▶ **Problem statement**
Once you find the line with "Cover image for" in the listing below, set down exactly every line from it through the line with "Negro Grandsons of Vercingetorix", but no pictures.

▶ **Supplied records**
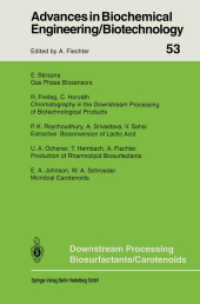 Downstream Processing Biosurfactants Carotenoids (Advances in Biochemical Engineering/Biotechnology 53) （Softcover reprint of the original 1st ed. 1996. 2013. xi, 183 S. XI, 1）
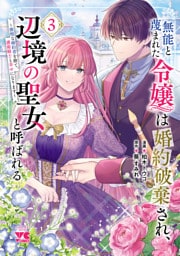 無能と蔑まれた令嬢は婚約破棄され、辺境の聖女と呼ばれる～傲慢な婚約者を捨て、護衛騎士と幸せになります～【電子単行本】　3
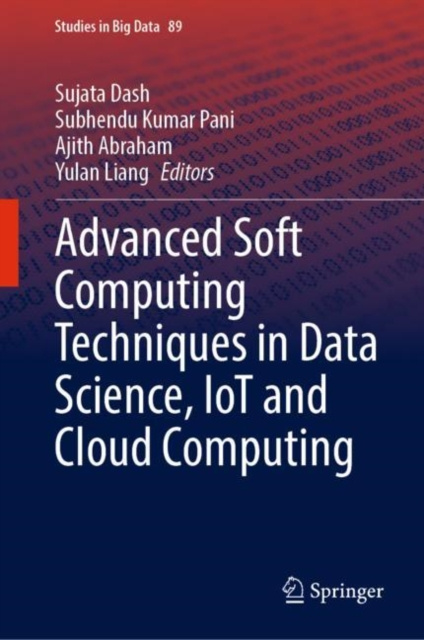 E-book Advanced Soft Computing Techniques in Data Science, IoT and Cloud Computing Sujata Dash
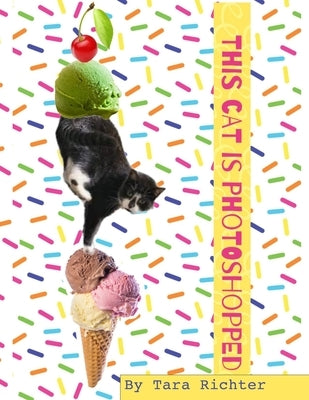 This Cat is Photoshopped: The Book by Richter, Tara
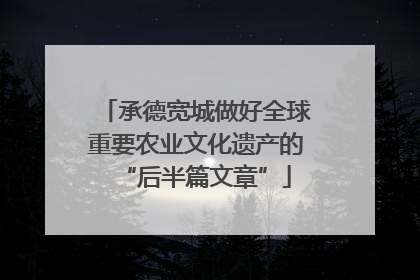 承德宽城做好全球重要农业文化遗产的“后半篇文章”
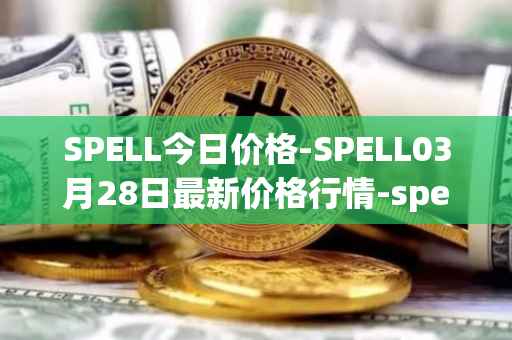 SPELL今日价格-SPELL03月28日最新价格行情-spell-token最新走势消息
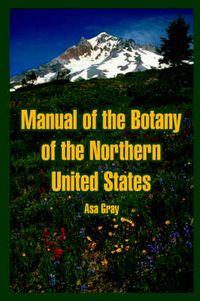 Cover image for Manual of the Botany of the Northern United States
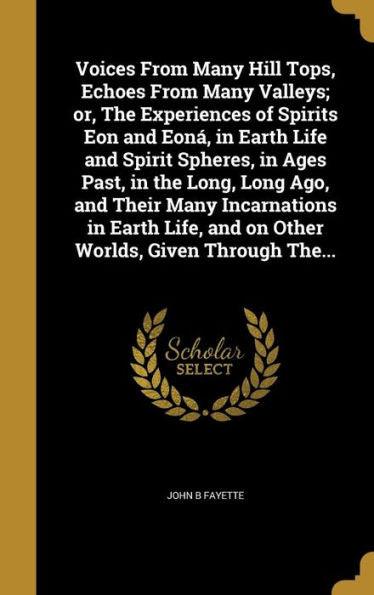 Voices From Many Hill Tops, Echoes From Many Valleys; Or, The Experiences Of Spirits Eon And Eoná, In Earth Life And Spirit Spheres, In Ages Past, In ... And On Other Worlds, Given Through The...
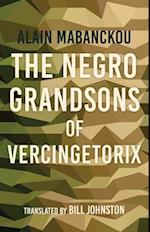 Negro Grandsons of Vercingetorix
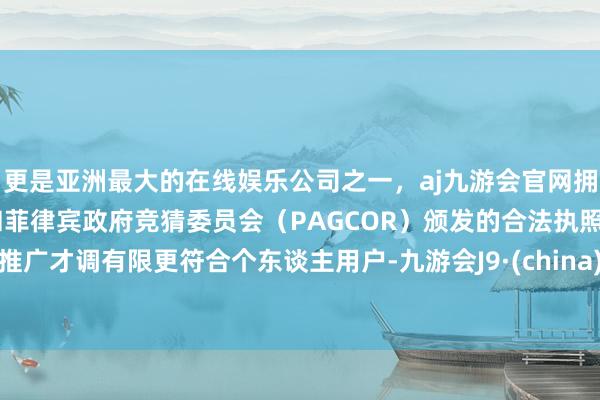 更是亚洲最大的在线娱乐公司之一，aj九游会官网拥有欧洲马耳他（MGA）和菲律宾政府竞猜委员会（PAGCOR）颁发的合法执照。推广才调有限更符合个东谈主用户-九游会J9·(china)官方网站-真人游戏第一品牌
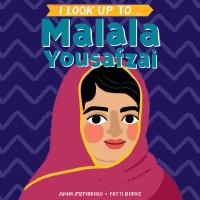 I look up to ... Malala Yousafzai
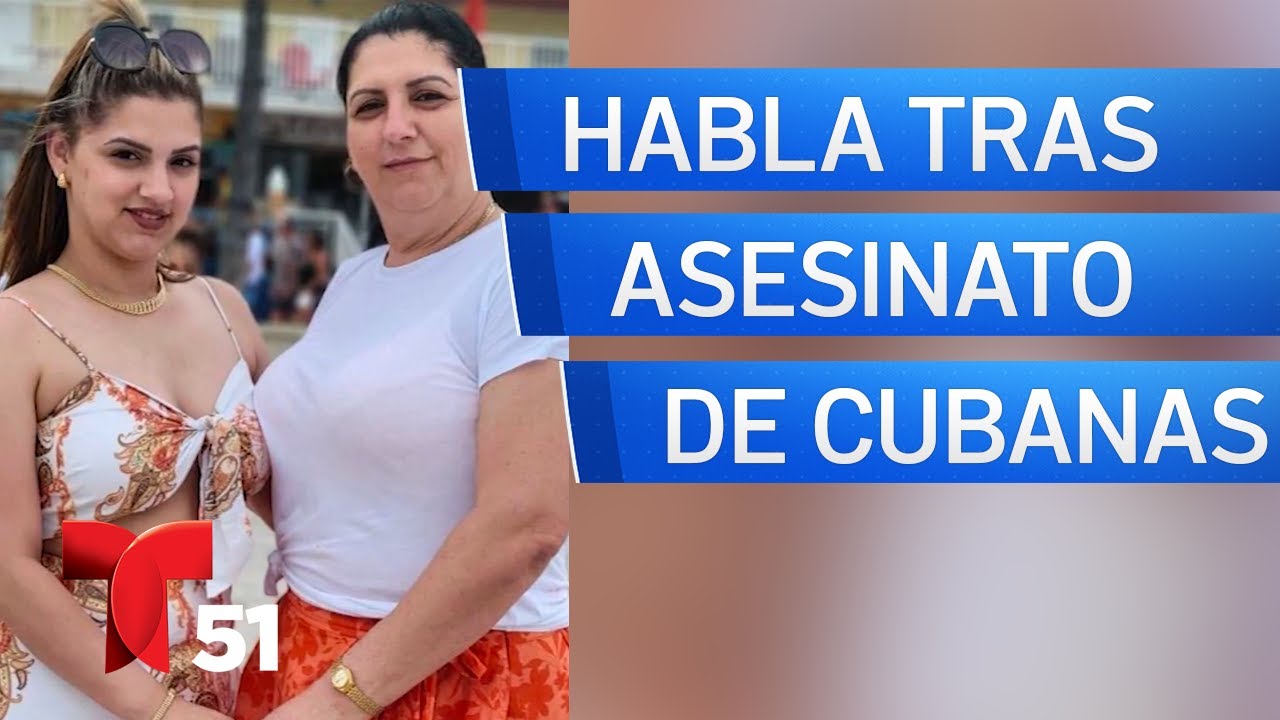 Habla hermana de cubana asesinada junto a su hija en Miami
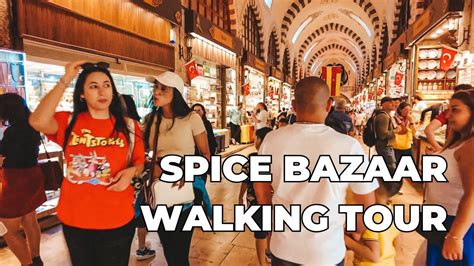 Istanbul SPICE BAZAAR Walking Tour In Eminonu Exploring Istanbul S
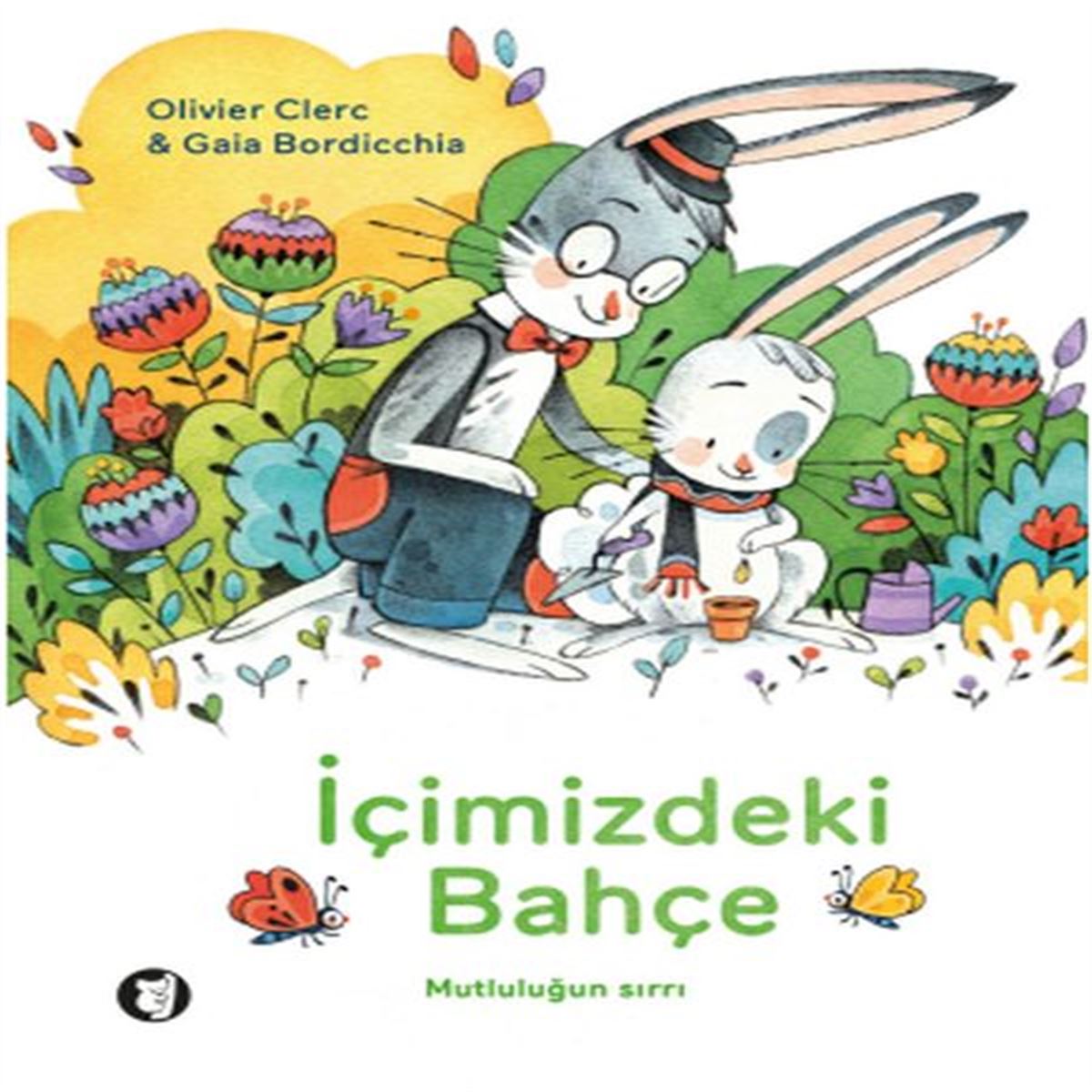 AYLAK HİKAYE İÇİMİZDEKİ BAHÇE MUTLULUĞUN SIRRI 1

* * *

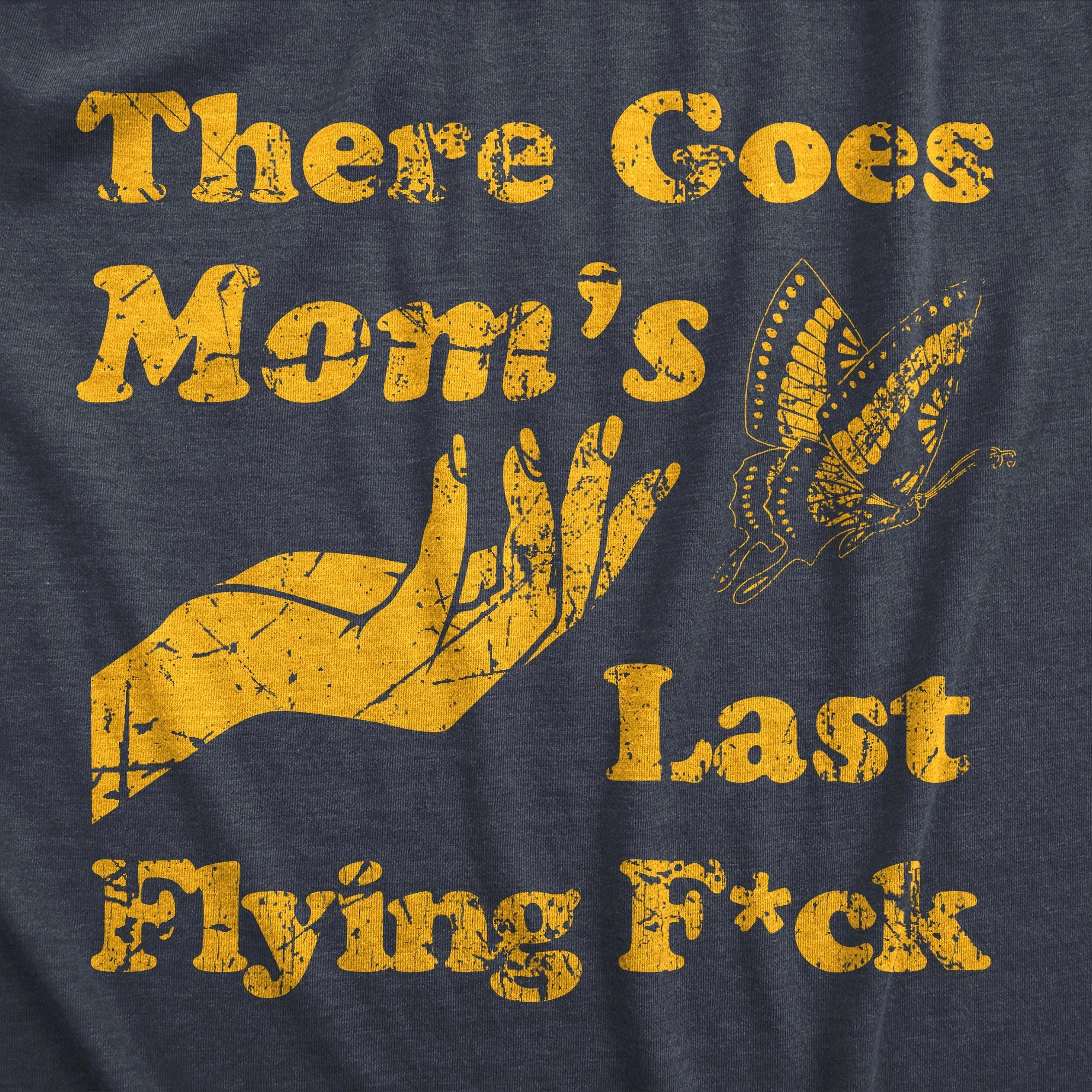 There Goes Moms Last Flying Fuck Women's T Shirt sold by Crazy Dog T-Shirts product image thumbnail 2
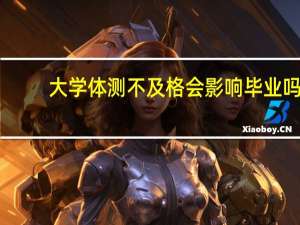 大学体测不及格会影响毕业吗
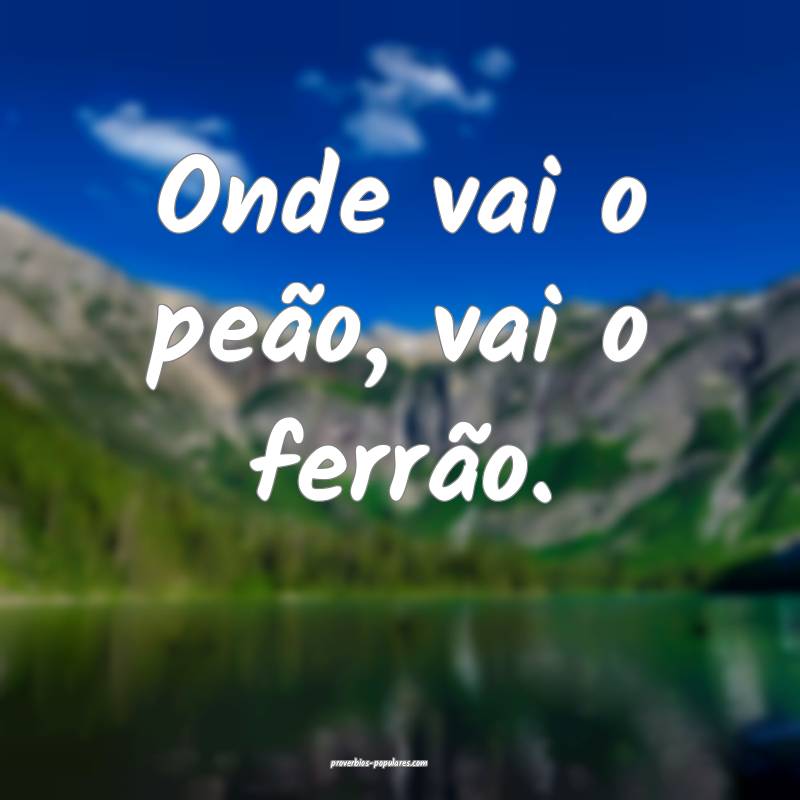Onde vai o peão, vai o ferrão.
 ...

--

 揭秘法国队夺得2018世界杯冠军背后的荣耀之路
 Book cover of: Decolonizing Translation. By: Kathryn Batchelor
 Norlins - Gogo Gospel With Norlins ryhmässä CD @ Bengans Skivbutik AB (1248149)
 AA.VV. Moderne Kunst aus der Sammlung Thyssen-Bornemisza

▶ **Expected answer**
 Cover image for Manual of the Botany of the Northern United States
 Voices From Many Hill Tops, Echoes From Many Valleys; Or, The Experiences Of Spirits Eon And Eoná, In Earth Life And Spirit Spheres, In Ages Past, In ... And On Other Worlds, Given Through The...
 Negro Grandsons of Vercingetorix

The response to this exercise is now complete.